Traffic e la padronanza del linguaggio cinematografico di Soderbergh
Per quanto gli Oscar non siano indice del valore o dell’importanza di un film, vincerne quattro di solito è garanzia di qualità, e non fa eccezione Traffic di Steven Soderbergh. Regista eccentrico che non ha paura di osare, nella sua carriera ha alternato pellicole sperimentali a basso costo, come il chiacchierato The Girlfriend Experience, noto per l’impiego dell’attrice pornografica Sasha Grey nel ruolo della protagonista, a opere ad alto budget con cast corali ed attori affermati, quali Ocean’s Eleven o Magic Mike. Soderbergh ha dimostrato di saper fare veramente tutto: che sia un film sullo spogliarello o heist movie, girarlo non è un problema. Nella sua prolifica carriera non poteva mancare quindi un poliziesco come Traffic, il quale si occupa di sviscerare il fenomeno della cosiddetta guerra alla droga, seguendo parallelamente tre storyline distinte: la prima ambientata in Messico si occupa di seguire due poliziotti nella loro caccia al cartello di Tijuana; la seconda è incentrata sulla vicenda di due agenti sotto copertura di San Diego; la terza segue infine la parabola del nuovo capo del dipartimento antidroga, sia in ambito familiare, con la dipendenza della figlia, che istituzionale.
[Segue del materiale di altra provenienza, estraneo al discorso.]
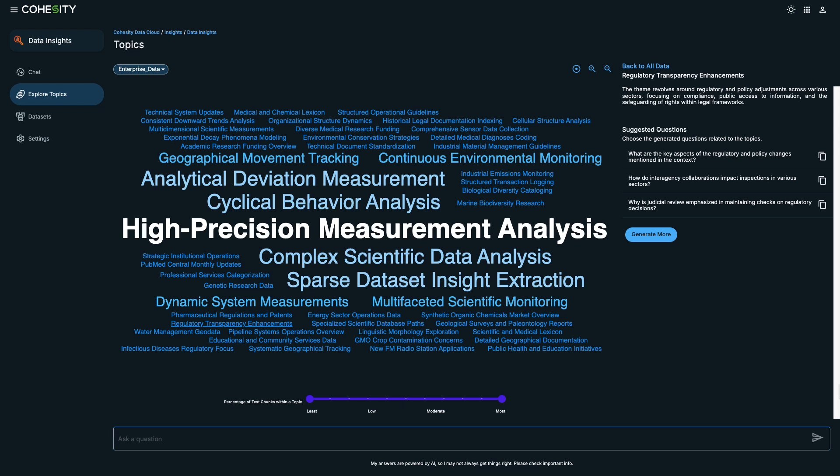On the right, you'll find a list of suggested questions to ask Gaia. By clicking the Copy to Clipboard icon next to a question, you can easily paste it into the Gaia chat window and hit Enter.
Soderbergh dimostra qui una straordinaria competenza tecnica, sapendo mettere in scena situazioni ed emozioni diverse con grande precisione. Il regista il linguaggio del cinema lo sa parlare bene e in Trafficnon si fa problemi a dimostrarlo: ogni inquadratura, ogni movimento, è studiato ad hoc. L’esempio più lampante è anche la caratteristica che ai più ha fatto storcere il naso, ossia il costante oscillare della cinepresa, il cosiddetto effetto shaky camera che ha di recente preso piede nel cinema d’azione. Il regista non lo usa per dare movimento, bensì per darci l’impressione di essere lì, prima nella Casa Bianca con Michael Douglas, poi in macchina con Benicio del Toro a pattugliare le strade di Tijuana. Una scelta del genere, in linea puramente teorica, dovrebbe però cozzare con il viraggio effettuato sulle sequenze ambientate in Messico e a Washington, che appaiono rispettivamente arancione e blu. Il viraggio è un processo chimico che veniva utilizzato per rendere la pellicola più stabile, affinché si rovinasse meno col passare del tempo; ad oggi, tuttavia, se si utilizza questa pratica è per fini meramente estetici.
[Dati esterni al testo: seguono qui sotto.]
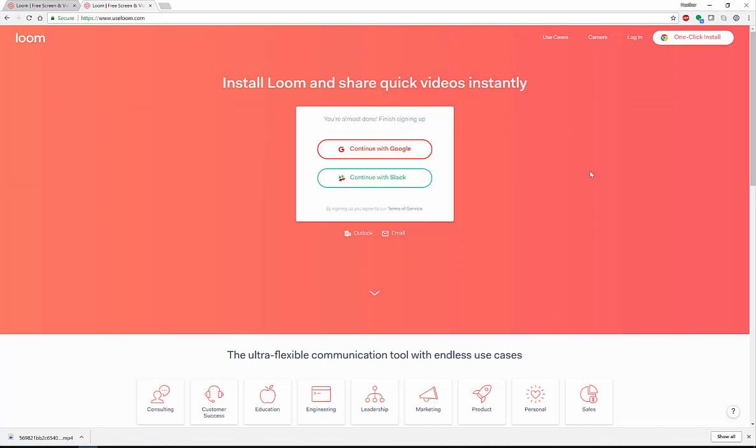So you have a lot of options with Loom, a lot of things you can do with Loom. I really enjoy it. Hope you do too. Check it out. Please subscribe to my channel. We'll have more videos for you soon. Thanks so much. Have a great day.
Per quanto il realismo della ripresa mossa sia in netto contrasto, concettualmente, con l’artificiosità del viraggio, i due elementi si sposano perfettamente per un motivo molto semplice: sono entrambi strumenti per far sentire più coinvolto lo spettatore. Soderbergh, con mestiere, sceglie di tingere la pellicola di arancione quando osserviamo i fatti in Messico, e di blu quando ci mostra i fatti di Washington, più nello specifico quelli riguardanti la storyline della ragazza interpretata da Erika Christensen, la figlia del giudice Wakefield, alias Michael Douglas. Il motivo della scelta è presto detto: l’arancione serve a comunicare un calore quasi opprimente, assimilabile alla situazione spinosa dei protagonisti messicani, mentre il blu è il colore della tristezza, emozione che certamente si addice al racconto della dipendenza da stupefacenti.
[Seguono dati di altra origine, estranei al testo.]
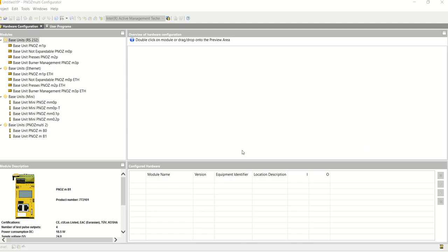I'm going to start with a simple introduction into the PNOZmulti Configurator. The configurator tool can be used to spec the exact hardware you need for each project, whether it's extra input modules, output modules, or communication modules. The configurator tool makes choosing the correct module much easier.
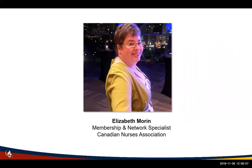The certificate of participation will be emailed to you along with the link to the recording of this webinar. And now a little bit about our presenters, Susan Duncan and Tanya Saunders.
I due elementi servono quindi a trasmettere qualcosa di preciso allo spettatore: il primo a farlo sentire con i personaggi, il secondo a farlo sentire come i personaggi. È una soluzione raffinata, per un film appartenente a un genere come il poliziesco che, solitamente, non si lascia andare a particolari espressioni di estro cinematografico. Per questo motivo Traffic è, seppur al netto di un ritmo lento che può non piacere, una grandissima lezione di cinema, e perciò merita sicuramente di essere visto.